SUPPLIED MATERIAL:
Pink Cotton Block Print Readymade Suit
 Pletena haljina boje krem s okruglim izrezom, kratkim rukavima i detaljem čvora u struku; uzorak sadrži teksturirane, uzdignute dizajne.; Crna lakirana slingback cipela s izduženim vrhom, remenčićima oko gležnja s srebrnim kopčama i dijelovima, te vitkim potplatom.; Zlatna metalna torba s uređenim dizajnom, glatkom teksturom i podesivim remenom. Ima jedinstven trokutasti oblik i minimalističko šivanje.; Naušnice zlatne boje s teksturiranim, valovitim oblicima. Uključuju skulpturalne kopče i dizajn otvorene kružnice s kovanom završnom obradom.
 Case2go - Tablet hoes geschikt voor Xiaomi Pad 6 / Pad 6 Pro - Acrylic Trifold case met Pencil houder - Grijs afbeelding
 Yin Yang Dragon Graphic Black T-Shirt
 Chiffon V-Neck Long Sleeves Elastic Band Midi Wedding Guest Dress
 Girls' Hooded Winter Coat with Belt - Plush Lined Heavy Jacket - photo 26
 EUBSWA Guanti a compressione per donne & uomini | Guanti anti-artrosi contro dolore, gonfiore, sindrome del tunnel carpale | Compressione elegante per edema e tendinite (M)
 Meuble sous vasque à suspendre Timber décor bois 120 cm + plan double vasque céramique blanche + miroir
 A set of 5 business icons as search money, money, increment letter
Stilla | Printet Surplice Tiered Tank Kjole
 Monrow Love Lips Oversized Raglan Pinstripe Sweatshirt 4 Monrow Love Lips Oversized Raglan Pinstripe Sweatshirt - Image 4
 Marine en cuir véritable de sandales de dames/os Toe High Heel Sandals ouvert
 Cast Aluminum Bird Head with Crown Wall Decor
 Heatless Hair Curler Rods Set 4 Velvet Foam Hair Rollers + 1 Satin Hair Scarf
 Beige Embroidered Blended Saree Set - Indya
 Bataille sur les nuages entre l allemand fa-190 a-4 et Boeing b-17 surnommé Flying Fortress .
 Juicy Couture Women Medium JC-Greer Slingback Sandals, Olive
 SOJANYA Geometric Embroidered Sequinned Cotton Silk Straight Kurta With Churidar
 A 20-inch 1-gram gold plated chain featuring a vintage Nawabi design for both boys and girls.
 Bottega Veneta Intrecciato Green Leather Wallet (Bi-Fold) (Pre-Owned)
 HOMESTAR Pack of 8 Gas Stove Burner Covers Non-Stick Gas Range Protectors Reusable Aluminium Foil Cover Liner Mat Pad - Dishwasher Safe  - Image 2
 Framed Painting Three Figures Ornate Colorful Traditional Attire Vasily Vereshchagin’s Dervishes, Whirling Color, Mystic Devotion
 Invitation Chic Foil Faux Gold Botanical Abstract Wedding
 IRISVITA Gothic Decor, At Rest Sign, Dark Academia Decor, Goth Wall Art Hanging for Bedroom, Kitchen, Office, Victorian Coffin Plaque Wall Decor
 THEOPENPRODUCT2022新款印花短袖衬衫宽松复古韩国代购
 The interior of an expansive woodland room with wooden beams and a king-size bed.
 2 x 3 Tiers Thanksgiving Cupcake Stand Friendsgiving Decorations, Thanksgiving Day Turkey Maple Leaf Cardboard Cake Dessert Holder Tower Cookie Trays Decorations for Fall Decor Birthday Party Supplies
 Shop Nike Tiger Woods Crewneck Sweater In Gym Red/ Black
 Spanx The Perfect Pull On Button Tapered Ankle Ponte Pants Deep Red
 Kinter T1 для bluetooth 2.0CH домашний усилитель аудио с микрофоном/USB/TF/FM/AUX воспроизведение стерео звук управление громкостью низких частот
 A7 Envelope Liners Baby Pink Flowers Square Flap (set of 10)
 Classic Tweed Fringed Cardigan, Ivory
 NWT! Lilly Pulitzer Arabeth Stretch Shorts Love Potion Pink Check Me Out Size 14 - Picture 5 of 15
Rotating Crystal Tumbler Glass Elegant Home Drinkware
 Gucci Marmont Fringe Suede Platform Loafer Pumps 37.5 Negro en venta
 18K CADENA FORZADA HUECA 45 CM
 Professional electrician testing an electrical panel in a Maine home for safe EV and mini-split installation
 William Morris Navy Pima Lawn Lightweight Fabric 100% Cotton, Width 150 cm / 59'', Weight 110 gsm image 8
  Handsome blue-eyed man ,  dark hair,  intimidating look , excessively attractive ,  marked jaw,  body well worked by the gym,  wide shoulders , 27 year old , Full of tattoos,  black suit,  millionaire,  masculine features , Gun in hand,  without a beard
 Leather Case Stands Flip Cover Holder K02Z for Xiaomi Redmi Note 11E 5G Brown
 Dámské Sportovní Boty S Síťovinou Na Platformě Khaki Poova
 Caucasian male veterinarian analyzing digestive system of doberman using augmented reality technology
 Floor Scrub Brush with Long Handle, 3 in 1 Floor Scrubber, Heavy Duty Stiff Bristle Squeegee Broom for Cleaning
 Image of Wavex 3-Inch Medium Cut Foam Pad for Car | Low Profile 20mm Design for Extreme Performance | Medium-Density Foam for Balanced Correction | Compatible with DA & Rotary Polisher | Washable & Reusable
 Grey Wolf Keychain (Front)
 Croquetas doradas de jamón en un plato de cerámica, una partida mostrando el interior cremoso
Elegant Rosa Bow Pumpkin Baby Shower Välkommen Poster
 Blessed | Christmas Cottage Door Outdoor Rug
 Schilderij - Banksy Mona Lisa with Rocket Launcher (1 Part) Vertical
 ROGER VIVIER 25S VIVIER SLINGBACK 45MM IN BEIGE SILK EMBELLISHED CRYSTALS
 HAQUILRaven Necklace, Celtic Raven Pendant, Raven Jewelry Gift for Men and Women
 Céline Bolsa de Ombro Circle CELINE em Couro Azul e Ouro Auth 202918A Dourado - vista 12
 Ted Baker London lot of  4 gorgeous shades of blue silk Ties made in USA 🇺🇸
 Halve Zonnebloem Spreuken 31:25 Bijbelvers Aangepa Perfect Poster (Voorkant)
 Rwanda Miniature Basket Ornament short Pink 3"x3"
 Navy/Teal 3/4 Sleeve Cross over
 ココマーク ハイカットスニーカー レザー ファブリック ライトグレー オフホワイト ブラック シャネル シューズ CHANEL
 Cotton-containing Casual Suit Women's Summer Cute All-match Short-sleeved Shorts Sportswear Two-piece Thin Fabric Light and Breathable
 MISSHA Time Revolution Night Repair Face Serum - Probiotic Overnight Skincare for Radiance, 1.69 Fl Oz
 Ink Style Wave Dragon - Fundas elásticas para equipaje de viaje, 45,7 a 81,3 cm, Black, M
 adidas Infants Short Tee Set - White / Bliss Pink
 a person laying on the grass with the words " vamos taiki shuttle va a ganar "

REQUIRED WORK:
Repeat the records exactly, leaving out none of them.

EXERCISE RESPONSE:
Pink Cotton Block Print Readymade Suit
 Pletena haljina boje krem s okruglim izrezom, kratkim rukavima i detaljem čvora u struku; uzorak sadrži teksturirane, uzdignute dizajne.; Crna lakirana slingback cipela s izduženim vrhom, remenčićima oko gležnja s srebrnim kopčama i dijelovima, te vitkim potplatom.; Zlatna metalna torba s uređenim dizajnom, glatkom teksturom i podesivim remenom. Ima jedinstven trokutasti oblik i minimalističko šivanje.; Naušnice zlatne boje s teksturiranim, valovitim oblicima. Uključuju skulpturalne kopče i dizajn otvorene kružnice s kovanom završnom obradom.
 Case2go - Tablet hoes geschikt voor Xiaomi Pad 6 / Pad 6 Pro - Acrylic Trifold case met Pencil houder - Grijs afbeelding
 Yin Yang Dragon Graphic Black T-Shirt
 Chiffon V-Neck Long Sleeves Elastic Band Midi Wedding Guest Dress
 Girls' Hooded Winter Coat with Belt - Plush Lined Heavy Jacket - photo 26
 EUBSWA Guanti a compressione per donne & uomini | Guanti anti-artrosi contro dolore, gonfiore, sindrome del tunnel carpale | Compressione elegante per edema e tendinite (M)
 Meuble sous vasque à suspendre Timber décor bois 120 cm + plan double vasque céramique blanche + miroir
 A set of 5 business icons as search money, money, increment letter
Stilla | Printet Surplice Tiered Tank Kjole
 Monrow Love Lips Oversized Raglan Pinstripe Sweatshirt 4 Monrow Love Lips Oversized Raglan Pinstripe Sweatshirt - Image 4
 Marine en cuir véritable de sandales de dames/os Toe High Heel Sandals ouvert
 Cast Aluminum Bird Head with Crown Wall Decor
 Heatless Hair Curler Rods Set 4 Velvet Foam Hair Rollers + 1 Satin Hair Scarf
 Beige Embroidered Blended Saree Set - Indya
 Bataille sur les nuages entre l allemand fa-190 a-4 et Boeing b-17 surnommé Flying Fortress .
 Juicy Couture Women Medium JC-Greer Slingback Sandals, Olive
 SOJANYA Geometric Embroidered Sequinned Cotton Silk Straight Kurta With Churidar
 A 20-inch 1-gram gold plated chain featuring a vintage Nawabi design for both boys and girls.
 Bottega Veneta Intrecciato Green Leather Wallet (Bi-Fold) (Pre-Owned)
 HOMESTAR Pack of 8 Gas Stove Burner Covers Non-Stick Gas Range Protectors Reusable Aluminium Foil Cover Liner Mat Pad - Dishwasher Safe  - Image 2
 Framed Painting Three Figures Ornate Colorful Traditional Attire Vasily Vereshchagin’s Dervishes, Whirling Color, Mystic Devotion
 Invitation Chic Foil Faux Gold Botanical Abstract Wedding
 IRISVITA Gothic Decor, At Rest Sign, Dark Academia Decor, Goth Wall Art Hanging for Bedroom, Kitchen, Office, Victorian Coffin Plaque Wall Decor
 THEOPENPRODUCT2022新款印花短袖衬衫宽松复古韩国代购
 The interior of an expansive woodland room with wooden beams and a king-size bed.
 2 x 3 Tiers Thanksgiving Cupcake Stand Friendsgiving Decorations, Thanksgiving Day Turkey Maple Leaf Cardboard Cake Dessert Holder Tower Cookie Trays Decorations for Fall Decor Birthday Party Supplies
 Shop Nike Tiger Woods Crewneck Sweater In Gym Red/ Black
 Spanx The Perfect Pull On Button Tapered Ankle Ponte Pants Deep Red
 Kinter T1 для bluetooth 2.0CH домашний усилитель аудио с микрофоном/USB/TF/FM/AUX воспроизведение стерео звук управление громкостью низких частот
 A7 Envelope Liners Baby Pink Flowers Square Flap (set of 10)
 Classic Tweed Fringed Cardigan, Ivory
 NWT! Lilly Pulitzer Arabeth Stretch Shorts Love Potion Pink Check Me Out Size 14 - Picture 5 of 15
Rotating Crystal Tumbler Glass Elegant Home Drinkware
 Gucci Marmont Fringe Suede Platform Loafer Pumps 37.5 Negro en venta
 18K CADENA FORZADA HUECA 45 CM
 Professional electrician testing an electrical panel in a Maine home for safe EV and mini-split installation
 William Morris Navy Pima Lawn Lightweight Fabric 100% Cotton, Width 150 cm / 59'', Weight 110 gsm image 8
  Handsome blue-eyed man ,  dark hair,  intimidating look , excessively attractive ,  marked jaw,  body well worked by the gym,  wide shoulders , 27 year old , Full of tattoos,  black suit,  millionaire,  masculine features , Gun in hand,  without a beard
 Leather Case Stands Flip Cover Holder K02Z for Xiaomi Redmi Note 11E 5G Brown
 Dámské Sportovní Boty S Síťovinou Na Platformě Khaki Poova
 Caucasian male veterinarian analyzing digestive system of doberman using augmented reality technology
 Floor Scrub Brush with Long Handle, 3 in 1 Floor Scrubber, Heavy Duty Stiff Bristle Squeegee Broom for Cleaning
 Image of Wavex 3-Inch Medium Cut Foam Pad for Car | Low Profile 20mm Design for Extreme Performance | Medium-Density Foam for Balanced Correction | Compatible with DA & Rotary Polisher | Washable & Reusable
 Grey Wolf Keychain (Front)
 Croquetas doradas de jamón en un plato de cerámica, una partida mostrando el interior cremoso
Elegant Rosa Bow Pumpkin Baby Shower Välkommen Poster
 Blessed | Christmas Cottage Door Outdoor Rug
 Schilderij - Banksy Mona Lisa with Rocket Launcher (1 Part) Vertical
 ROGER VIVIER 25S VIVIER SLINGBACK 45MM IN BEIGE SILK EMBELLISHED CRYSTALS
 HAQUILRaven Necklace, Celtic Raven Pendant, Raven Jewelry Gift for Men and Women
 Céline Bolsa de Ombro Circle CELINE em Couro Azul e Ouro Auth 202918A Dourado - vista 12
 Ted Baker London lot of  4 gorgeous shades of blue silk Ties made in USA 🇺🇸
 Halve Zonnebloem Spreuken 31:25 Bijbelvers Aangepa Perfect Poster (Voorkant)
 Rwanda Miniature Basket Ornament short Pink 3"x3"
 Navy/Teal 3/4 Sleeve Cross over
 ココマーク ハイカットスニーカー レザー ファブリック ライトグレー オフホワイト ブラック シャネル シューズ CHANEL
 Cotton-containing Casual Suit Women's Summer Cute All-match Short-sleeved Shorts Sportswear Two-piece Thin Fabric Light and Breathable
 MISSHA Time Revolution Night Repair Face Serum - Probiotic Overnight Skincare for Radiance, 1.69 Fl Oz
 Ink Style Wave Dragon - Fundas elásticas para equipaje de viaje, 45,7 a 81,3 cm, Black, M
 adidas Infants Short Tee Set - White / Bliss Pink
 a person laying on the grass with the words " vamos taiki shuttle va a ganar "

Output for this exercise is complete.